The "parking lot" is the idea that a single parking lot could satisfy multiple organizations. Say, for example, that a Chick-fil-A, an office building and a church share a single parking lot. The Chick-fil-A and office building do not require parking on Sundays, while the church only requires significant parking on Sundays.

Instead of the Chick-fil-A, the office building and the church all having their own parking to match their peak necessity, they can coordinate and share a single parking lot. By mixing use so that multiple groups can use a single resource, everyone saves money, space and time. "Thousands are served, more efficiently," Crowley said.

When asked if this will ever actually happen, "...water shortages will drive trends in the right direction. A sustainable infrastructure implies mixed use," Crowley said.

When Dr. Crowley began to talk about the current state of transportation in America, his most significant point became apparent. "The automobile took over the country," Crowley said. "Look at the differences between new automobile cities and older pre-automobile cities."

Pre-automobile cities, such as New York, Boston and most large cities in Europe have better mass transit systems and are more concentrated. Cities like Atlanta, Phoenix or Los Angeles, on the other hand, have less developed public transportation and suffer from urban sprawl.

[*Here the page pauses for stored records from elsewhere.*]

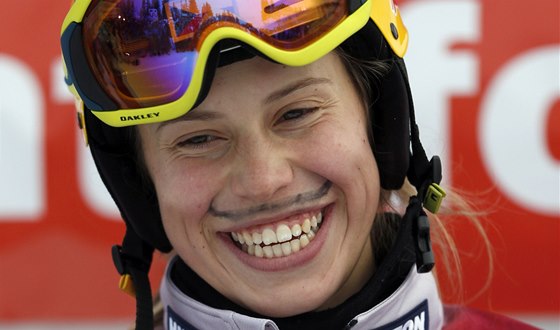 HOLKA KNÍRATÁ. eská snowboardcrosaka Eva Samková se raduje v cíli závodu...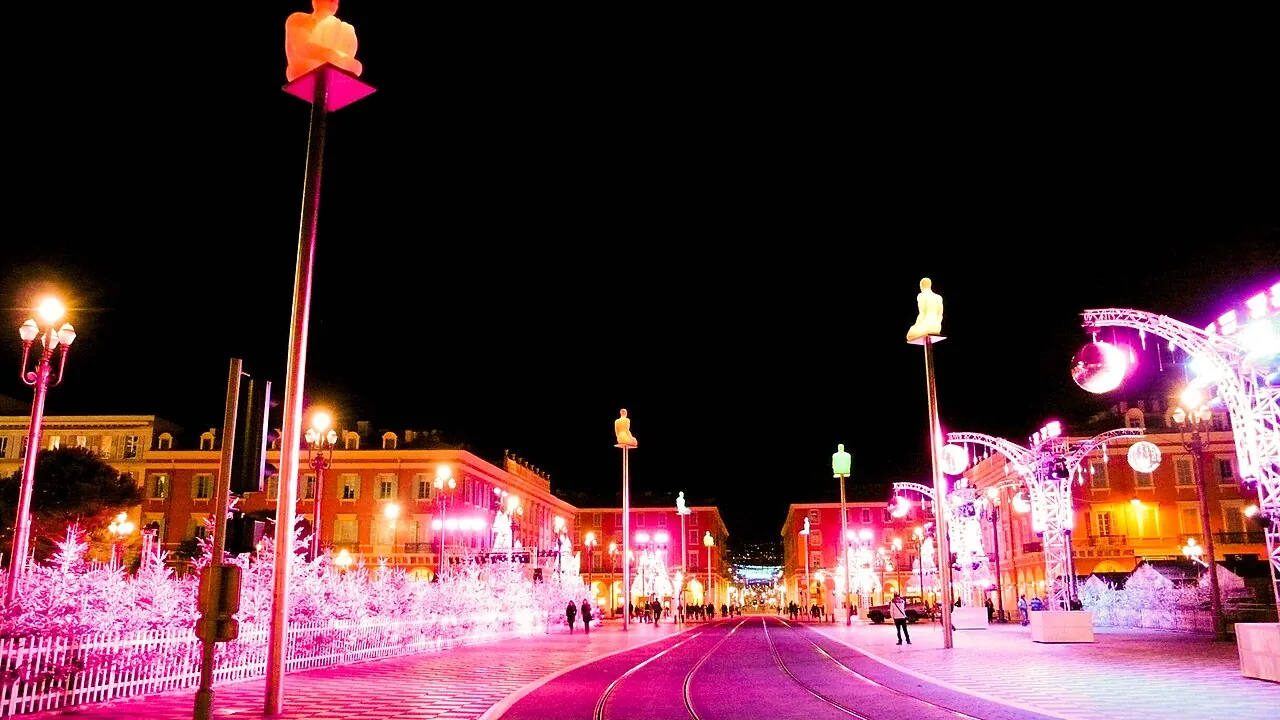 Illuminations de Noël sur la place Masséna à Nice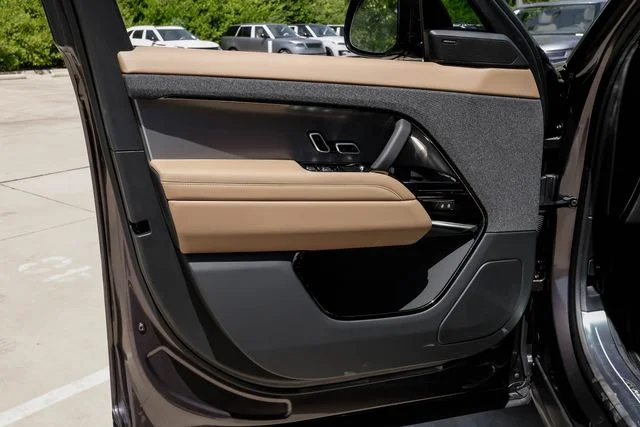 New 2026  Land Rover SE image 54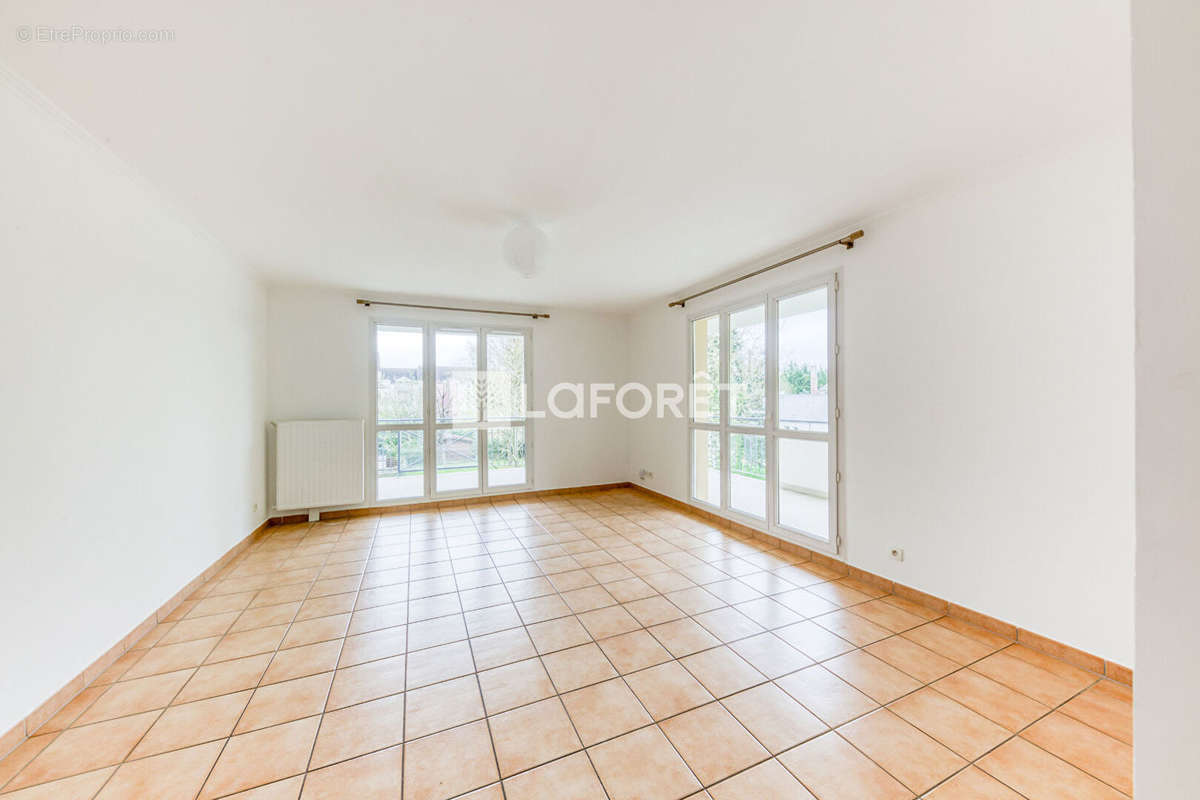 Appartement à EMERAINVILLE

"Automobiles prevent density and encourage sprawl," Crowley said. Density is an idea that Dr. Crowley emphasizes just as strongly as mixed use. Denser populations require less space, less pipes, less cars and ultimately less resources to be sustained.

"Automobiles also prevent rail development," Dr. Crowley said. He suggests that rails are only efficient in dense areas, such as London or New York. As cars prevent density, they prevent rails. He also accuses the current tax system as being ruinous for transportation as a whole.

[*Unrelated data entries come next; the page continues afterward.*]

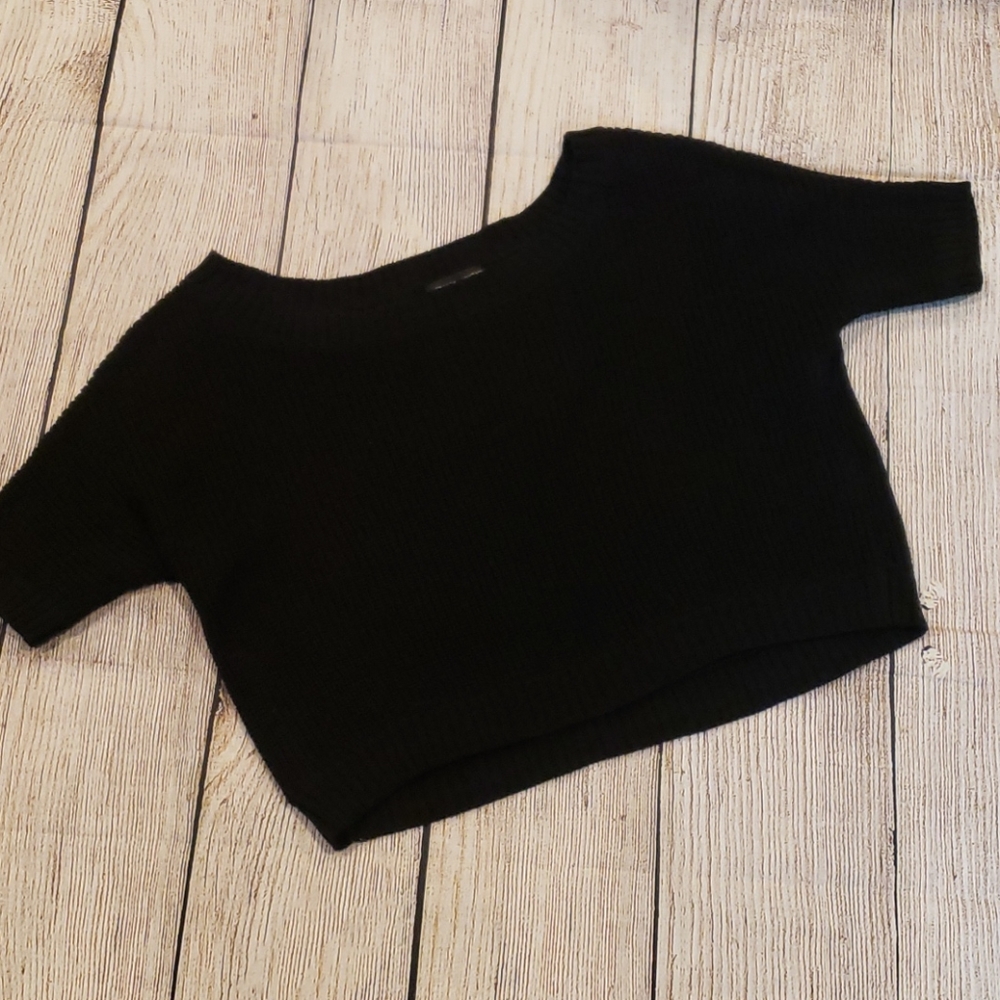 New York and company crop top black sweater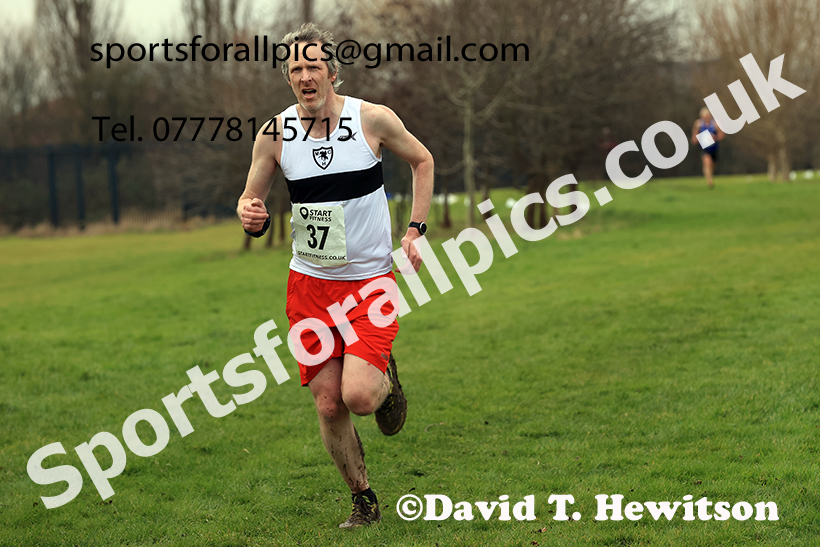 Mens 35s to 64s and, 2025 NEMAA Cross Country Champs., Acklam, Middlesbrough. Photo: David T. Hewitson/Sports for All Pics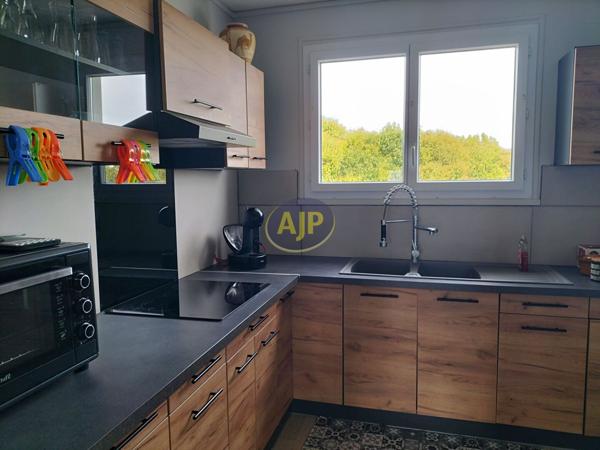 Appartement à vendre Tonnay Charente - 3 pièces, 71m² avec 2 chambre(s) à 139 000€ - AJP Immobilier Rochefort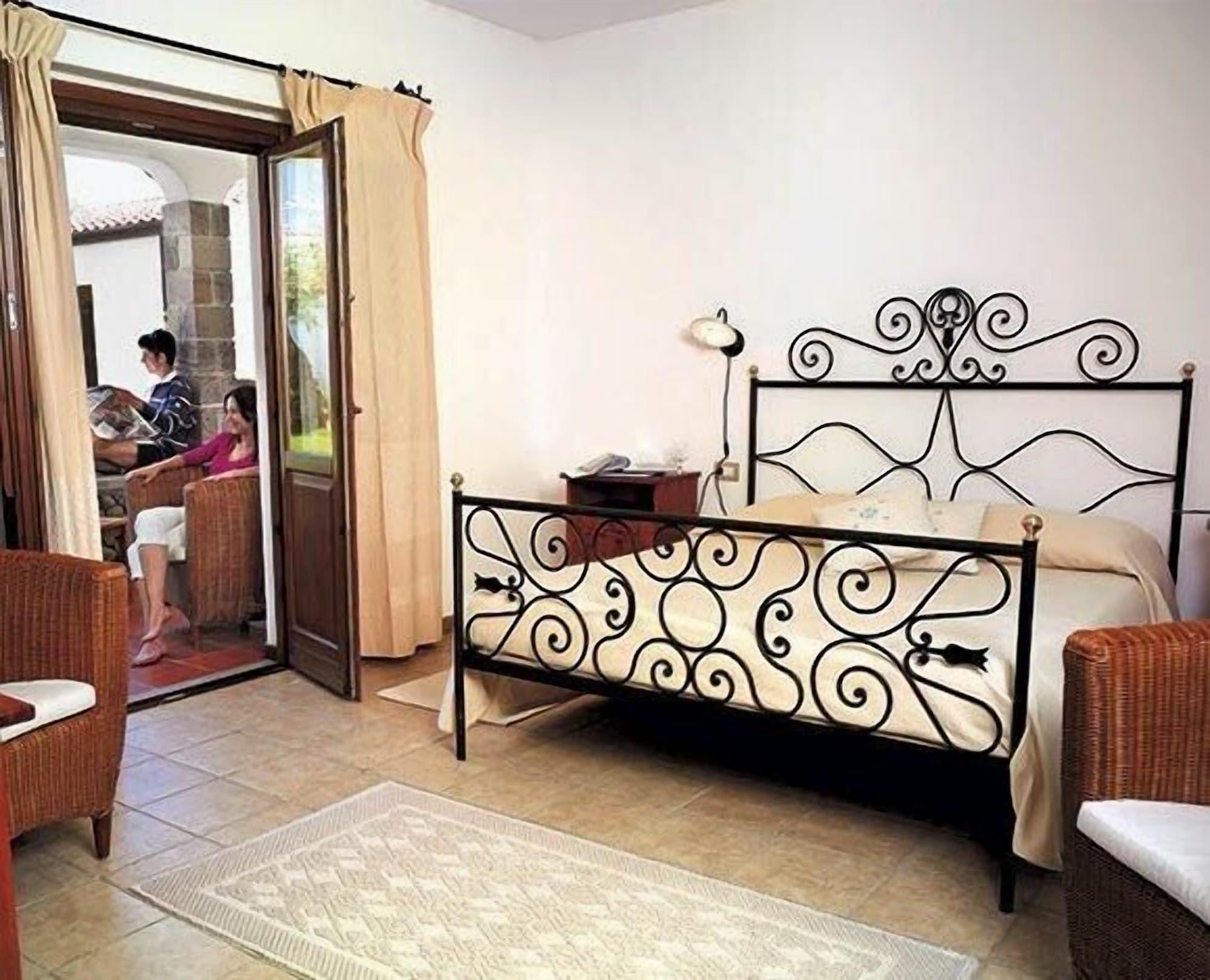 Hotel Su Baione Abbasanta Екстериор снимка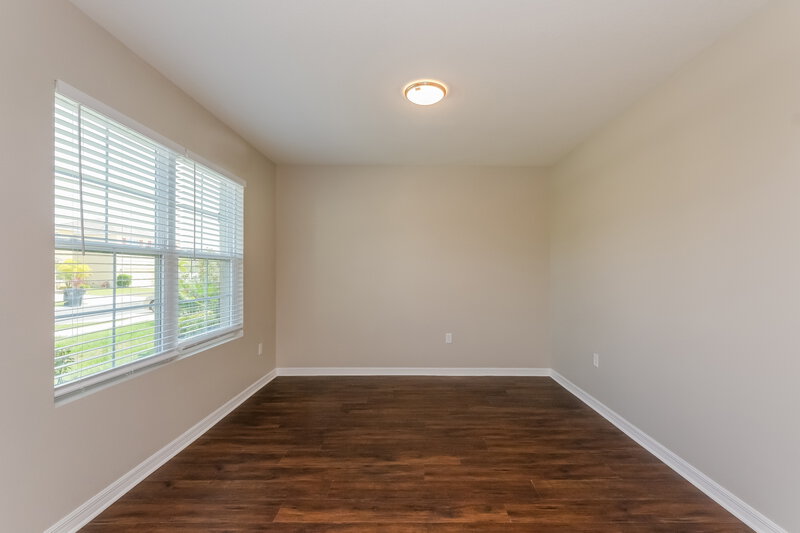 2,860/Mo, 12007 Gillingham Harbor Ln Gibsonton, FL 33534 Main Bathroom View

Gas taxes are volume-based, not value-based. "This is fatal...construction costs rise hugely. At the same time, we want more miles per gallon, giving less money to highway systems," Crowley said.

Finally, Dr. Crowley talked about the obstacles barring change. Everything from habits and skepticism to trucking lobbyists and the American Automobile Association try to prevent change. "They would lose money, and they don't like it," Crowley said.

He also emphasized that scarcity could promote a more efficient infrastructure. His last slide showed a sketch of a car driving away in the distance. "It's a car, hopefully driving off a cliff into the setting sun," Crowley said.

During a question-and-answer session after his presentation, Dr. Crowley responded to several key issues. One student asked whether larger pipes will contribute to urban sprawl. "Well, yes. And it takes a benevolent dictator to control it," Crowley said.

A benevolent dictator is a person, or a council of people, that are willing to control the expansion and construction of the infrastructure in a town.

When asked where the leadership will come from, Crowley said, "It is going to happen. It's just a matter of when...not everywhere at first, but it will start somewhere. And that's all that it takes."

In conclusion, Crowley explained the largest obstacle: lag time. "It's all about money...and if it takes 15 years before they make any money, it won't happen," Crowley said.

Companies think of establishing efficient infrastructure as a gamble. Just like the company constructing a hotel would take years to get out of debt, converting to a denser, rail-driven infrastructure would take years to make any revenue.

Yet Dr. Crowley asserts that there would be revenue. Land near rail hubs would skyrocket in value. People would begin to accept the new methods of transportation.

"For example, MARTA is a good beginning. It's got a long way to go, but it's a good beginning. And that's all that it takes," Crowley said.